START Records supplied
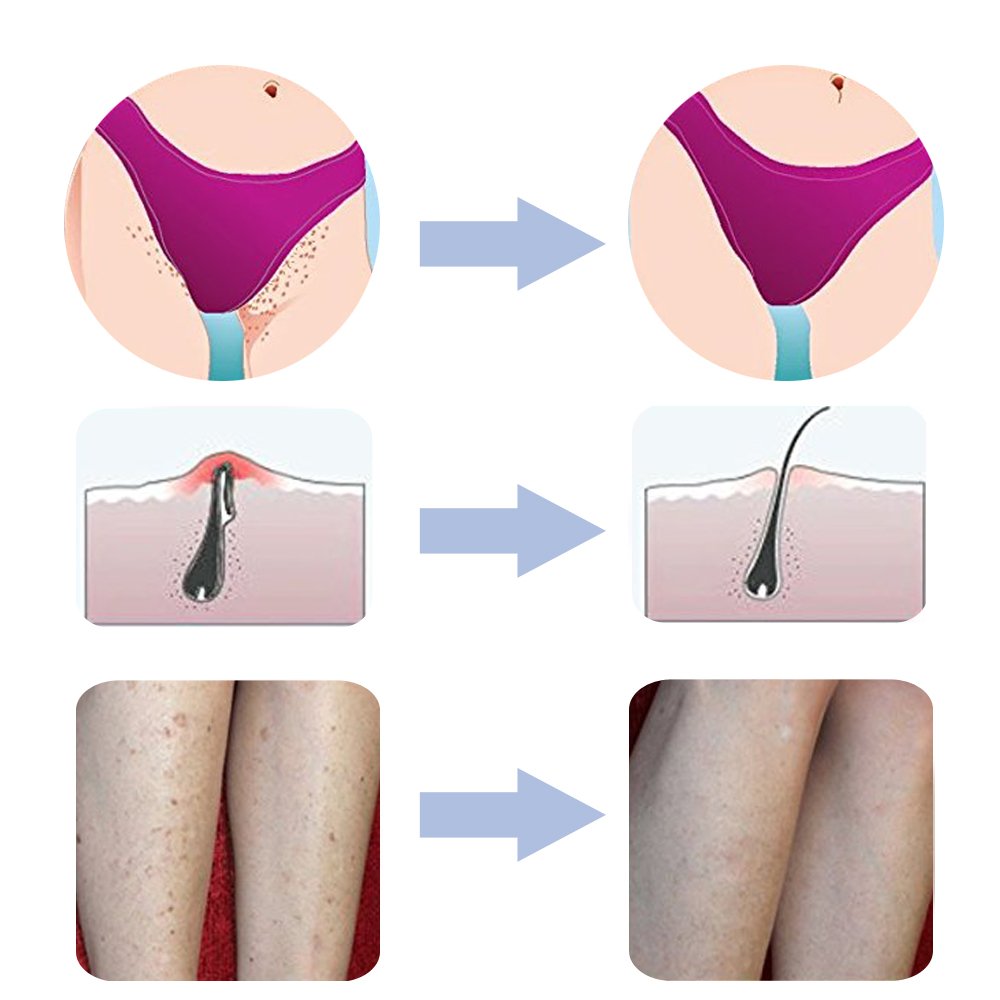 Body Brush To Treat and Prevent Razor Bumps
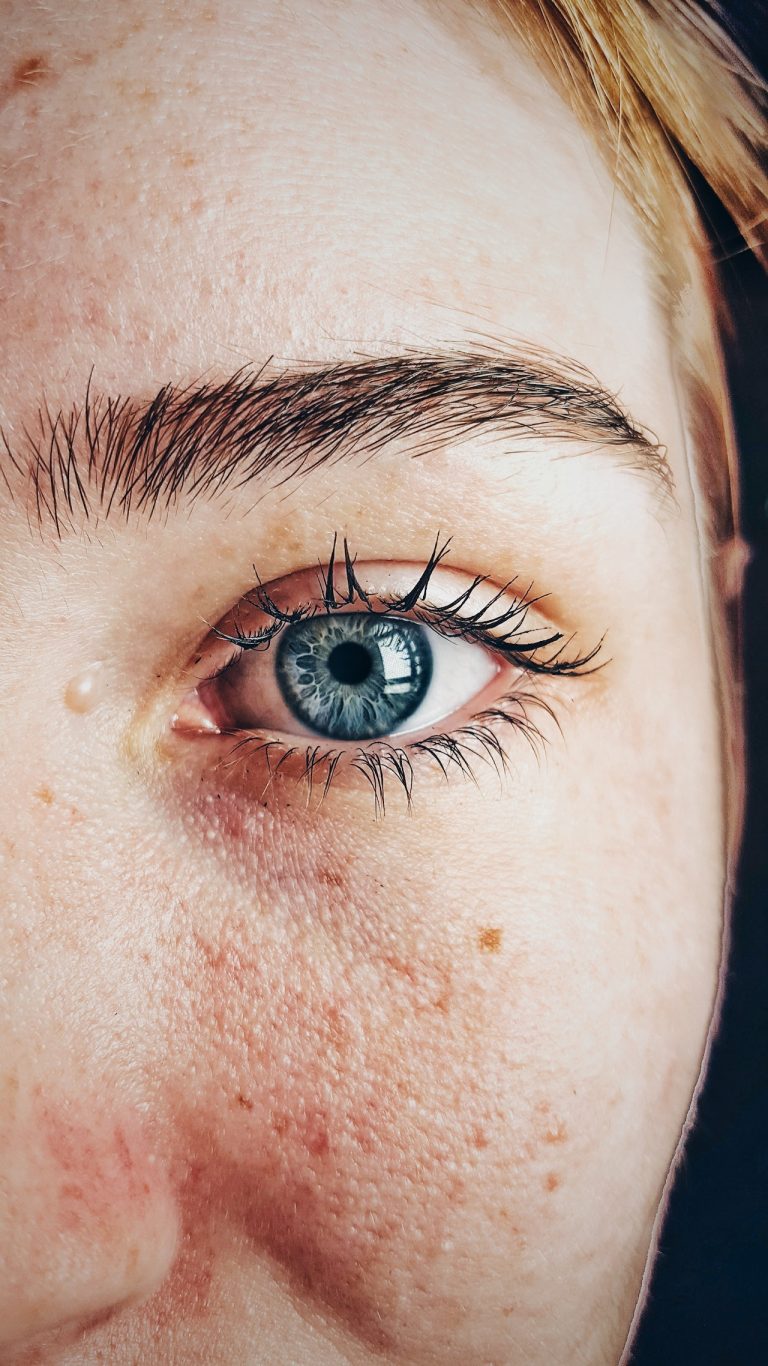 Wie pflegt man die Haut um die Augen?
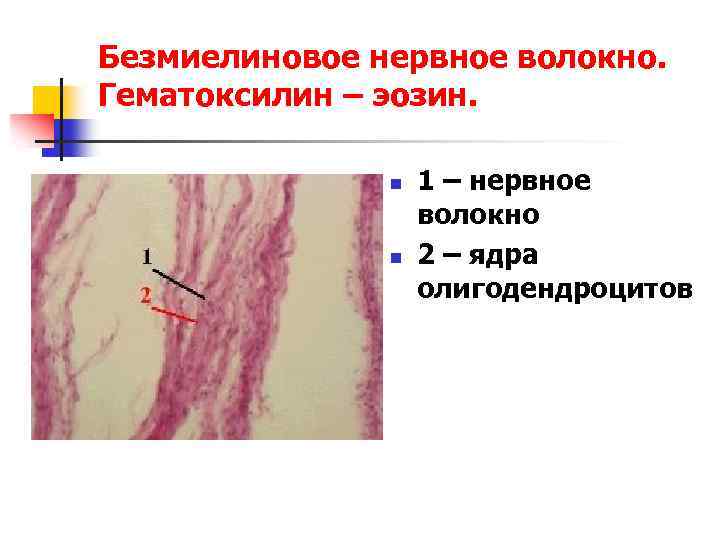 Безмиелиновое нервное волокно. Гематоксилин – эозин. n n 1 – нервное волокно 2 –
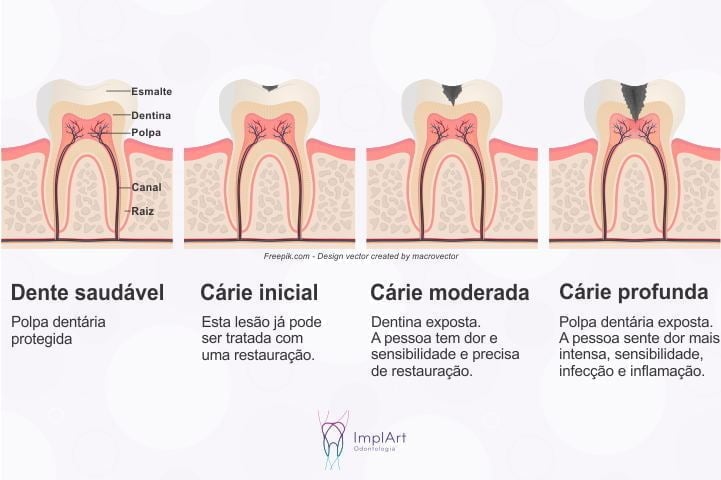 A importância da hidratação para a saúde bucal - inspiração 1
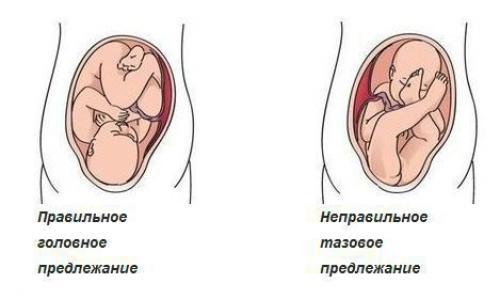 Дисплазия код по мк. Степени дисплазии 05 Дисплазия код по мк. Степени дисплазии 05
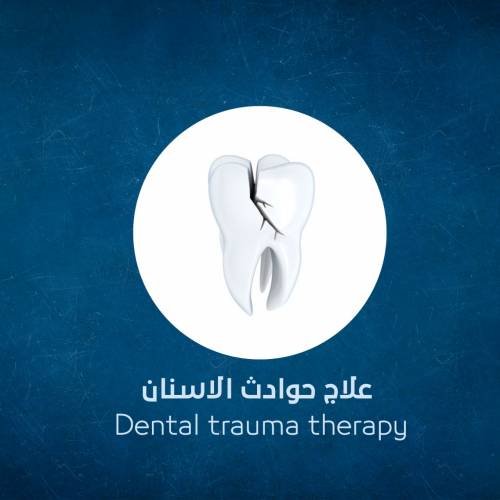 Dental accidents treatment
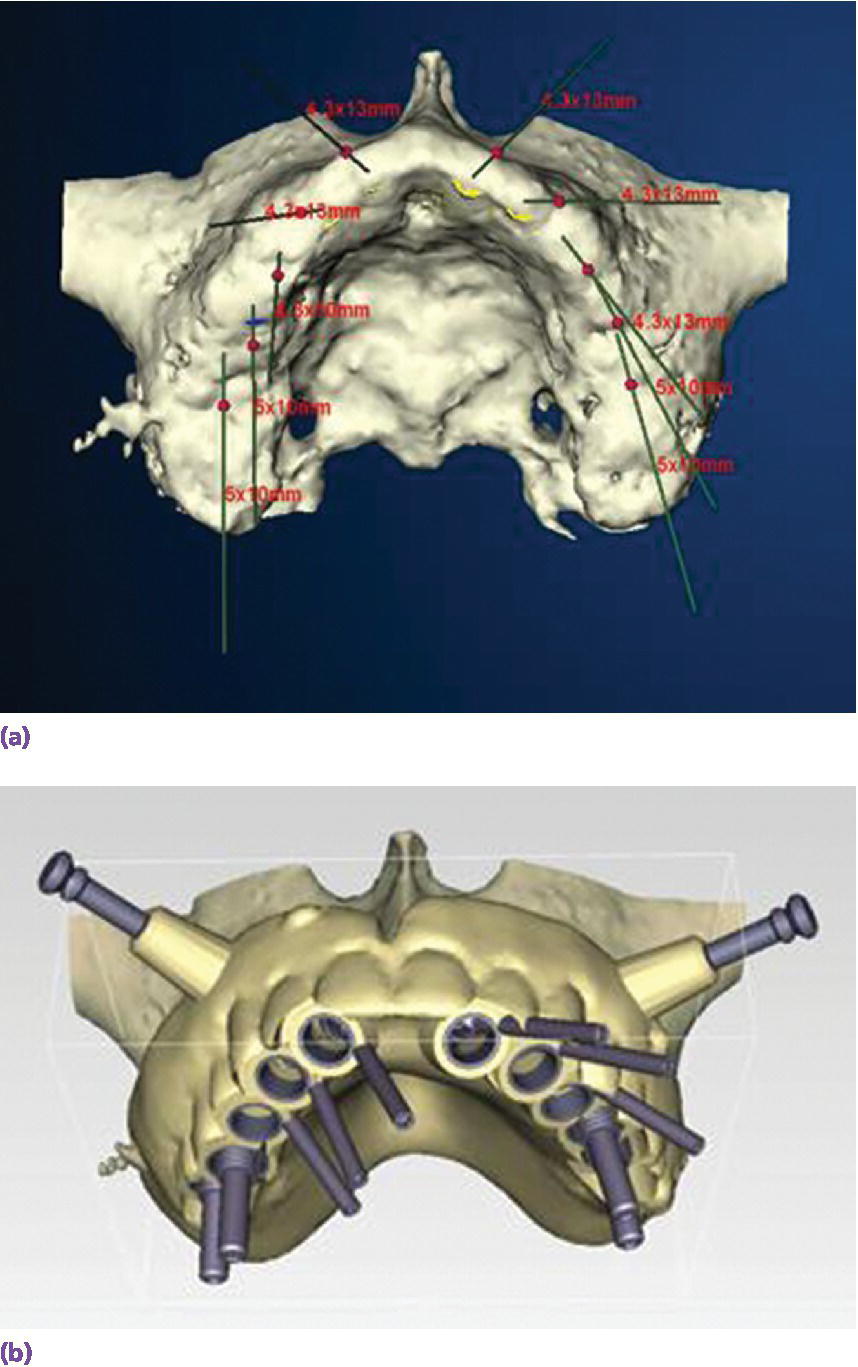 3D displaying patient with alveolar bone with CT scan for site selection and implant angulation for screw‐retained prosthesis(top) and surgical template fabrication supportive of prosthesis design(bottom).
END Records supplied
Your goal:
Could you retype each line of the material above exactly, skipping the pictures?

Solution for this problem:
 Body Brush To Treat and Prevent Razor Bumps
 Wie pflegt man die Haut um die Augen?
 Безмиелиновое нервное волокно. Гематоксилин – эозин. n n 1 – нервное волокно 2 –
 A importância da hidratação para a saúde bucal - inspiração 1
 Дисплазия код по мк. Степени дисплазии 05 Дисплазия код по мк. Степени дисплазии 05
 Dental accidents treatment
 3D displaying patient with alveolar bone with CT scan for site selection and implant angulation for screw‐retained prosthesis(top) and surgical template fabrication supportive of prosthesis design(bottom).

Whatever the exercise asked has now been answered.